On searching him at the station witness found 9s. 8d. on him. In reply to Mr Phillips, prosecutor here said that he gave prisoner 7s a week. The money found on him belonged to the lad, who was going to put it into the savings’ bank.

Sergt. Wilkes continued: I also found a small pebble in prisoner’s pocket at the station. (The stone produced was about the size and shape of a button.). – Mr Phillips: Are these stones such as are found by the river. – Witness: Yes, sir. I also produced another pebble which was found by Mrs Miles in the boy’s shop basket. (It was a smooth stone about the size of a pigeon’s egg. It closely resembled several others which witness produced as having been picked up after windows had been broken previously).

– Prisoner, at the instigation of his father, who was present during the hearing, then asked the witness: Did you see the stone in my hand? – Witness: No, I did not. It was impossible to see what you had in your hand as it was dark at the time.

Mr Phillips observed that the stones seemed to have acquired a certain amount of smoothness and cleanness as if from having been carried in a person’s pocket. Police Constable Absalom Smith, 269T, who was in plain clothes near the spot at the time, corroborated the evidence of Sergt. Wilkes. – Prisoner: Did you see the stone come from my hand? – Witness: I don’t know what came from your hand. – Prisoner: I put the goods in my basket in the shop and had nothing in my hand. I did not put my hand in my pocket, or anything. I went out swinging my hand, and directly I got outside the stone came at the window. I did not know anything about it till I heard the crash. – Smith: When he stepped off the step he swung his arm round like lightning.

Williams, the father of the accused, said that it had been proved that stones came over the houses. P.S. Wilkes said it was impossible it could have been so in this case.

In reply to the magistrates, Mr Miles said that the boy had been in his service about 12 months, and he had found him steady and regular in his work. He had then no reason to suspect the prisoner until the previous morning when the pebble referred to by Sergt. Wilkes was found in his basket. He then stated that a dog belonging to witness brought it in in his mouth and put it in the basket. Witness had frequently seen the dog bring in all sorts of rubbish.

Mr Phillips observed that no damage had been proved to have been done by the prisoner.

Sergt. Wilkes asked Mr Miles if the police had not informed him that they had reason to suspect the prisoner. – Mr Miles: Yes. On Saturday night prisoner left my place between 11 and 12. As he went out of the side door there came a sound as if another of my windows had been smashed. On Sunday morning, on making an examination, it appeared to me to be a pane in  my parlour window that was broken previously. After the boy had gone Sergt.
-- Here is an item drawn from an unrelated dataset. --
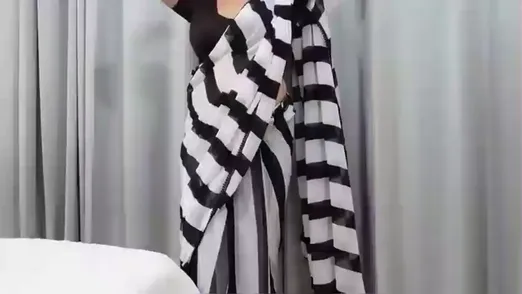 Hot bhabhi in black saree kissing fingering and riding lund in hotel
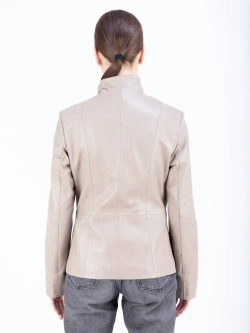 Куртка из натуральной кожи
Wilkes and Inspector Steed came in and told me that from the suspicious way in which he acted they believed that the accused did it as he went out of the side door. – Sergt. Wilkes said it was about a quarter to 12 when the boy came out. He made the same peculiar gesture and ran in and siad: “There’s another window broken,” just the same as he did on the Monday night. Witness had had his suspicions previously aroused by a window being broken before as prisoner was putting up the shutters at 6 o’clock in the evening, there being apparently no one else near from whom the stone could come. – Prisoner said that on Saturday night he had his hands full of grocery. – Mr Miles said it was quite true that he had some grocery to take home.

Sergt. Wilkes said that further evidence would be brought against the prisoner at the Sessions, although, of course, they were not going to contend that he did all the damage. Inspector Steed – who was that day gone to Hammersmith to see the superintendent on the subject – would speak to what he had seen,

– Mr Phillips thought that as the case stood, it must fall through. Prisoner ought to have been charged with the attempt. The evidence as to that was most clear. – Sergt. Wilkes then asked that the charge might be altered so as to make it for the attempt; he added that he thought he should be able to prove that some of the glass had been broken from the inside.

– Prisoner’s father asked that the case might be dismissed. – Sergt. Wilkes replied that in that case he should apprehend the boy again on the amended charge. He added that the boy being in the employ of the prosecutor he had not had the surveillance upon him that others had. – Mr Phillips said it was quite clear that prisoner threw the stone against the glass, and if the police could establish reasonable suspicion of his having been concerned in the breaking, it became a very serious matter. – Sergt. Wilkes remarked on the fact that the window had been broken on two or three occasions, when persons were putting up the shutters, when it was impossible for the stone to have been thrown by anybody else without hitting the boy.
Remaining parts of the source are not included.